Friends and Enemies is an ambitious book that seeks to bring to light the crucial questions that Chris Bongie argues postcolonial studies has too long repressed. Bongie identifies one major turn that postcolonial studies has taken since 2000—a growing suspicion of poststructuralist-influenced textualism and investment in “politics proper”—as well as another turn that he hopes the field will take—a more sustained engagement with cultural studies. Bongie’s methodology is eclectic, seeking to combine sociological insights with deconstructive techniques, and it provides a refreshing willingness to interrogate all of the field’s (as well as all of the critic’s own) basic assumptions. Binary terms such as high versus mass culture, artist versus scribe, “true” memory versus nostalgia, and of course, friends versus enemies, are shown to be everywhere essential to Caribbean, francophone and postcolonial studies and yet everywhere unsustainable as oppositions. For anyone who dismisses deconstruction as a reading strategy unengaged with the social, Friends and Enemies shows how the methodology lends itself to sustained political engagement, though what kind of politics it offers remains as uncertain as the uneasy alliances Bongie seeks to make between deconstruction and cultural studies.
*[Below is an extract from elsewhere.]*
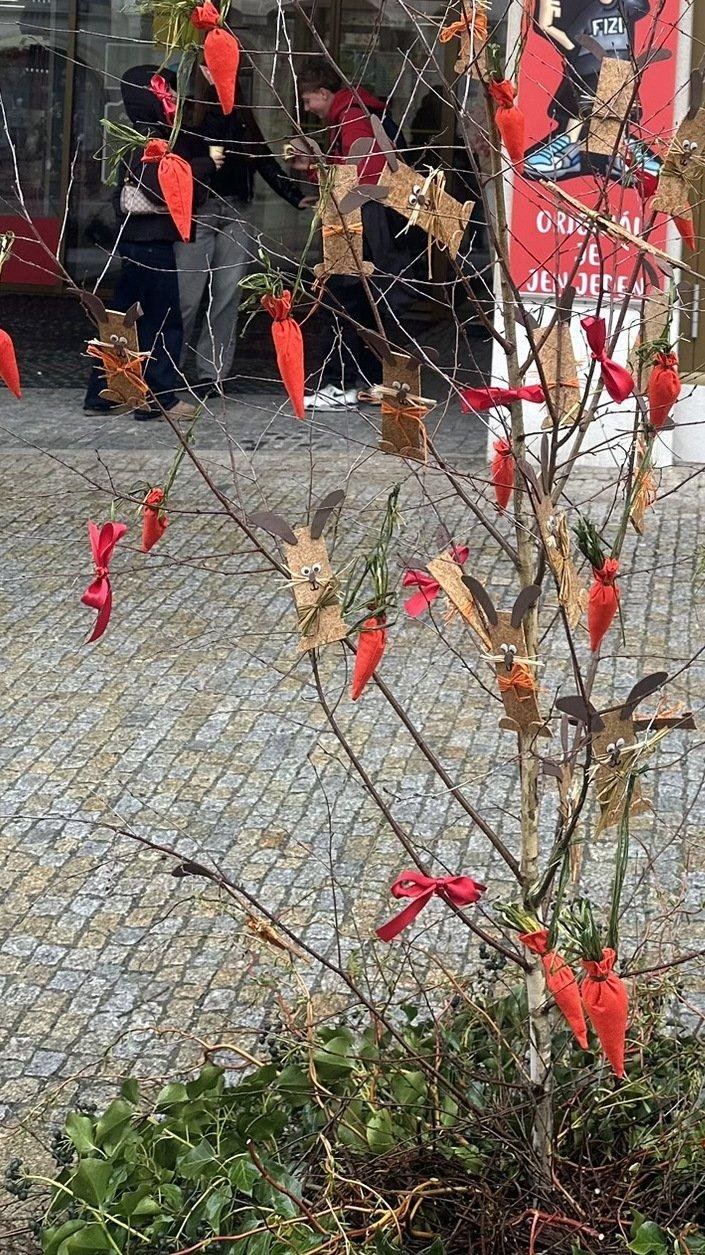 Naše velikonoční břízka je v plné kráse!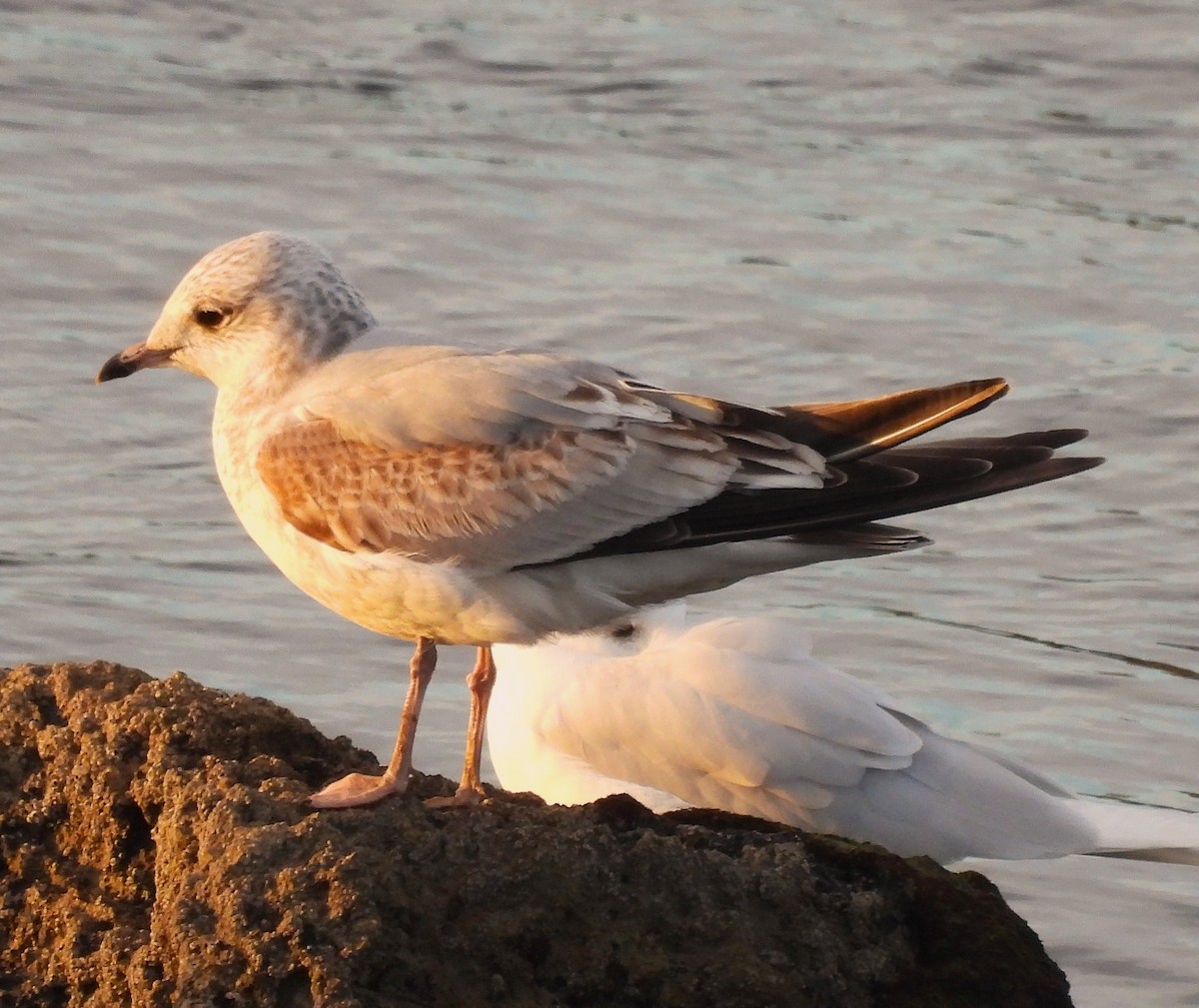 Common Gull - ML628773043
Bongie’s methodological preferences lead him to employ a style filled with parentheses and dependent clauses which qualify and even place under erasure any claim that might be attributed to the author himself. Yet as self-reflective as Bongie usually is about interrogating and even undermining his own enunciative grounds, there are grounds in Friends and Enemies. First, Bongie insists that the idea of cultural politics is a “confused enterprise” (351) that conflates distinct activities to allow intellectuals to participate in politics metaphorically without the “adversarial ‘logic of the political’” (341). Bongie asks us to avoid this mistake by thinking of “proper politics” (22) and culture separately, as activities able to interact but only in complicated and heavily circumscribed ways. It is from the perspective of this insight that Bongie critiques the more recent writings of Edouard Glissant beginning with Poétique de la Relation and David Scott’s work on the ruud bwai in Refashioning Futures.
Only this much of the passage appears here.